In June, home prices were down 5.9 percent from a year ago, according to the Federal Housing Finance Authority.
But the average price was up 0.9 percent month-over-month in June, topping the 0.4 percent gain registered in May.
Prices have now fallen 18.8 percent from the 2007 top. The latest report was the 15th decline in the last 17 quarters. After such a steep and sustained decline, it looks like recent data show that prices have stopped plummeting, and seem to be finding a bottom.
Another disappointing piece of economic news came from the revision to GDP in the second quarter. As a whole, the nation’s economy grew by only 1 percent in the quarter. But digging into the data, we see that this report also held good news for home prices.

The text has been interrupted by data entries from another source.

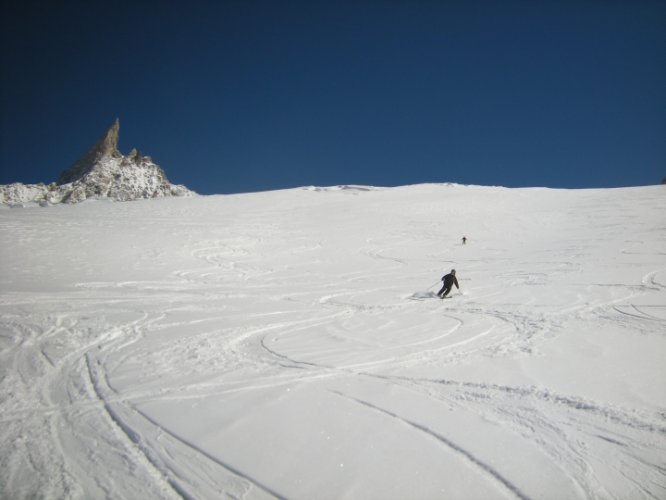 Glacier de la Vierge et Vallée Noire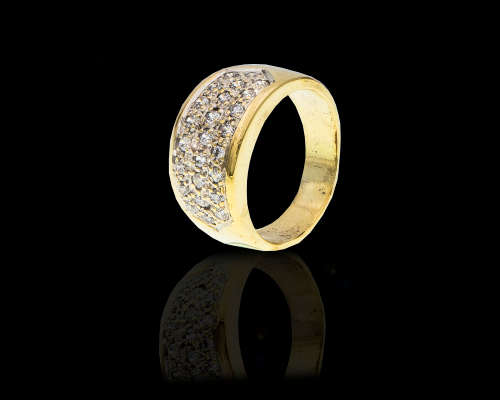 6.2gr 9kt Yellow Gold with a cluster of  0.01ct Round Brilliant Diamonds
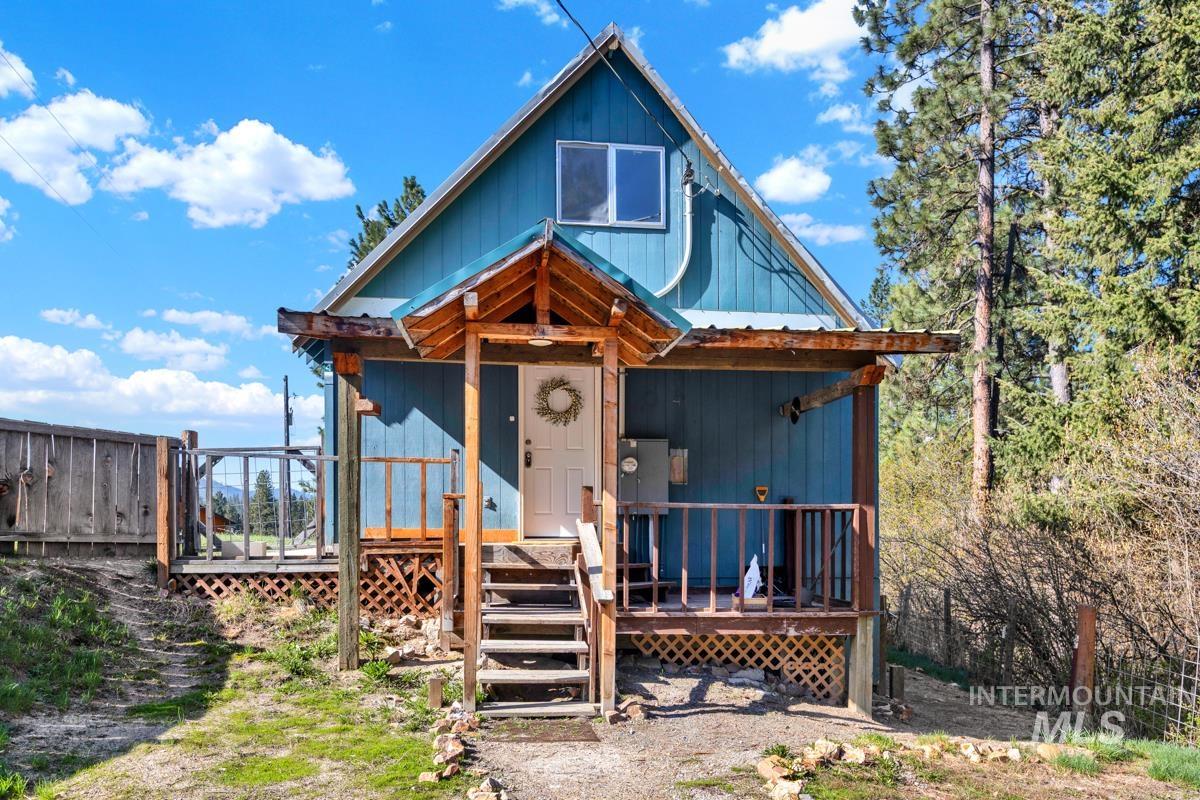 4 Lookout Ct, Garden Valley, Idaho 83622, 2 Bedrooms, 1 Bathroom, Residential For Sale, Price $335,000,MLS 98968264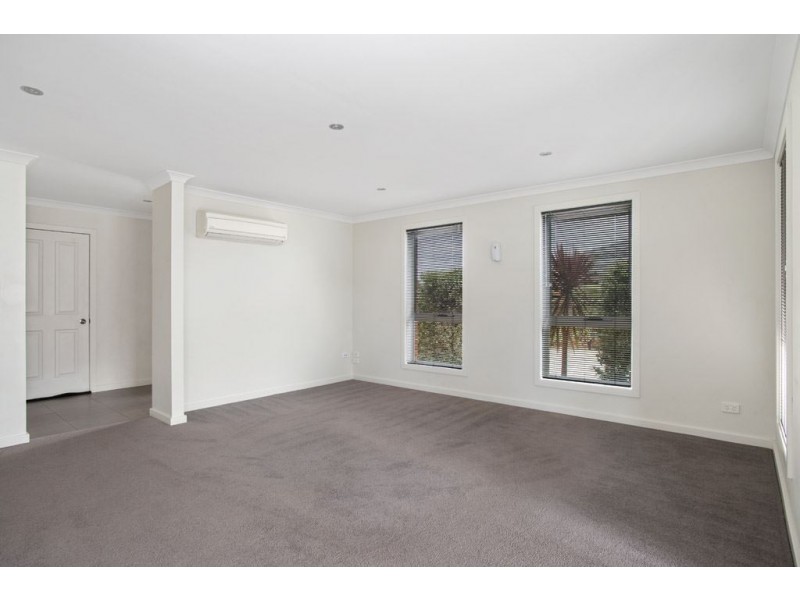 2/6 Jonagold Grove, Legana TAS 7277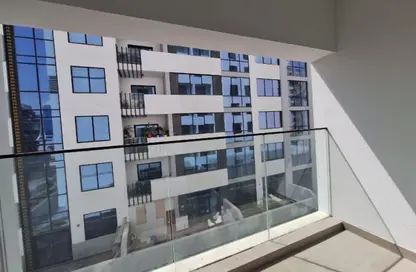 Apartment - 1 Bedroom - 2 Bathrooms for rent in Jumeirah Garden City - Al Satwa - Dubai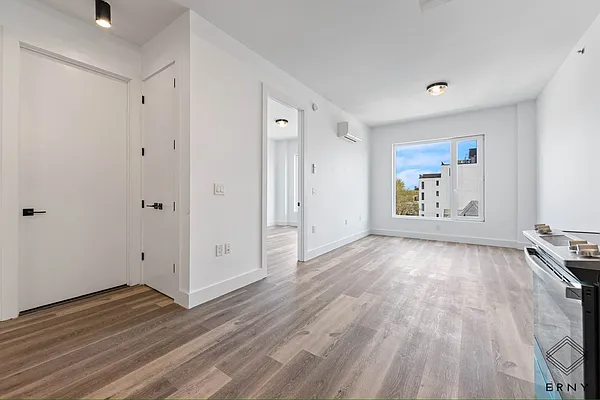 Rented by ERNY LLC | media 17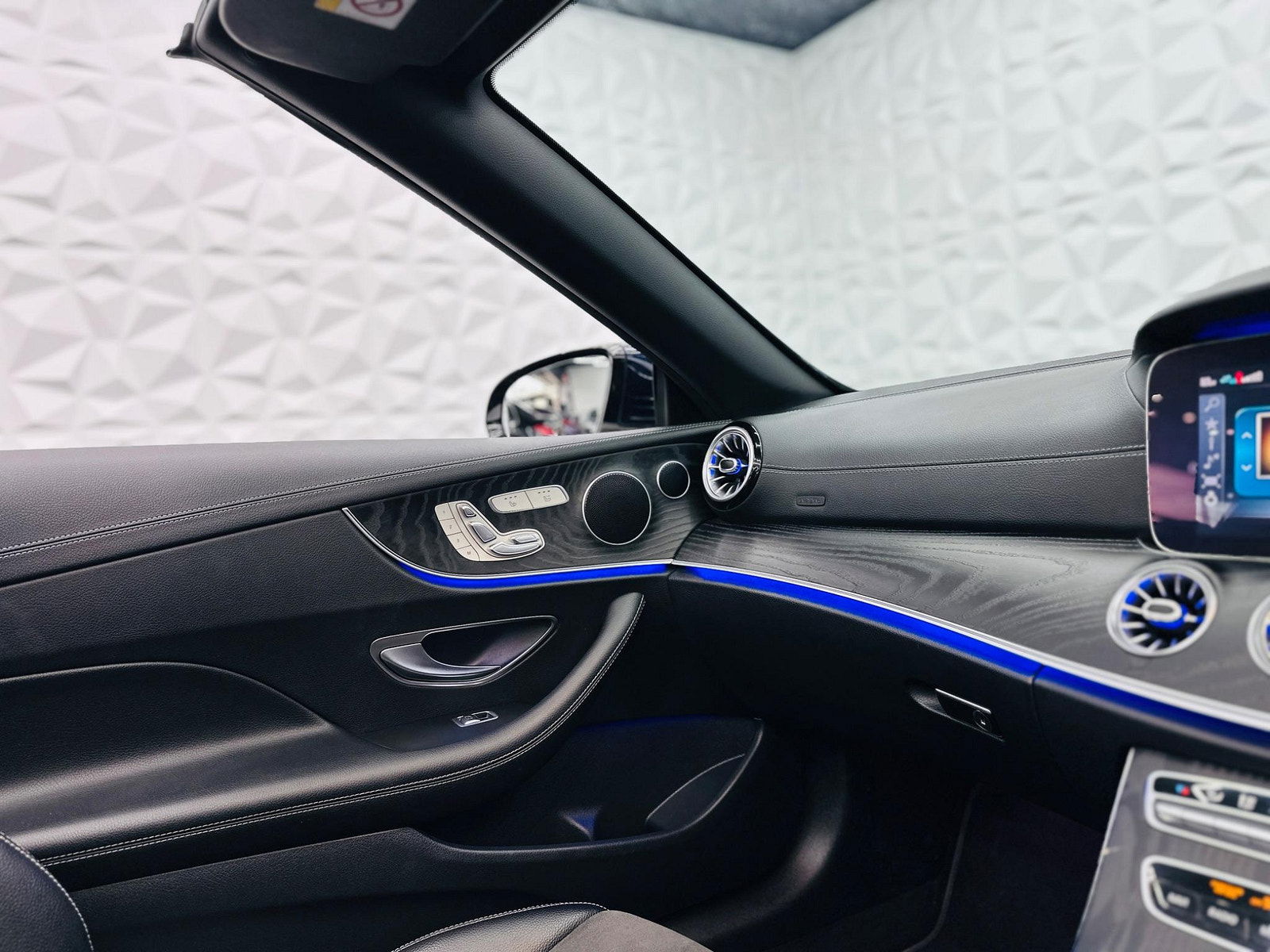 Mercedes-Benz E Class 2.0 E220d AMG Line (Premium) Cabriolet G-Tronic+ Euro 6 (s/s) 2dr 2dr Automatic 2020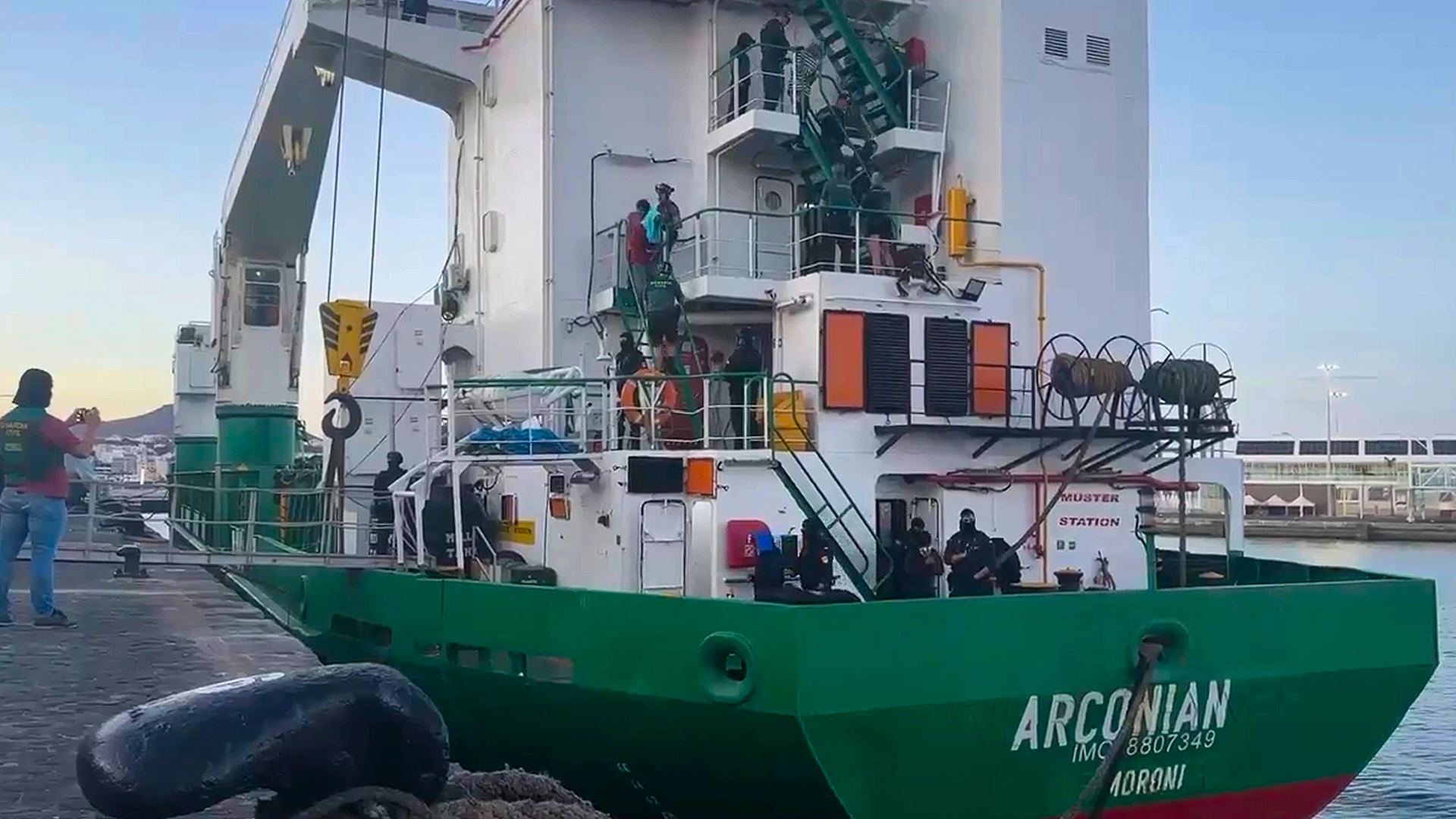 Spaanse politie doet enorme drugsvangst op zee, mogelijk Nederlanders betrokken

The price inflator for residential property was up by 2.1 percent in the quarter, its fourth consecutive quarterly gain.
A large number of homes in the foreclosure process will continue to be a drag on prices. That means home prices aren’t likely to shoot higher from current levels.
But they also seem unlikely to fall much lower. A bottom could take time to form, but the worst of this four-year bear market seems to be behind us.
Prices now sit where they were in 2004. This is the level where the bubble took hold and double digit gains became normal in housing markets. From the perspective of a technical analyst, having completely retraced the bubble, prices should be at a bottom.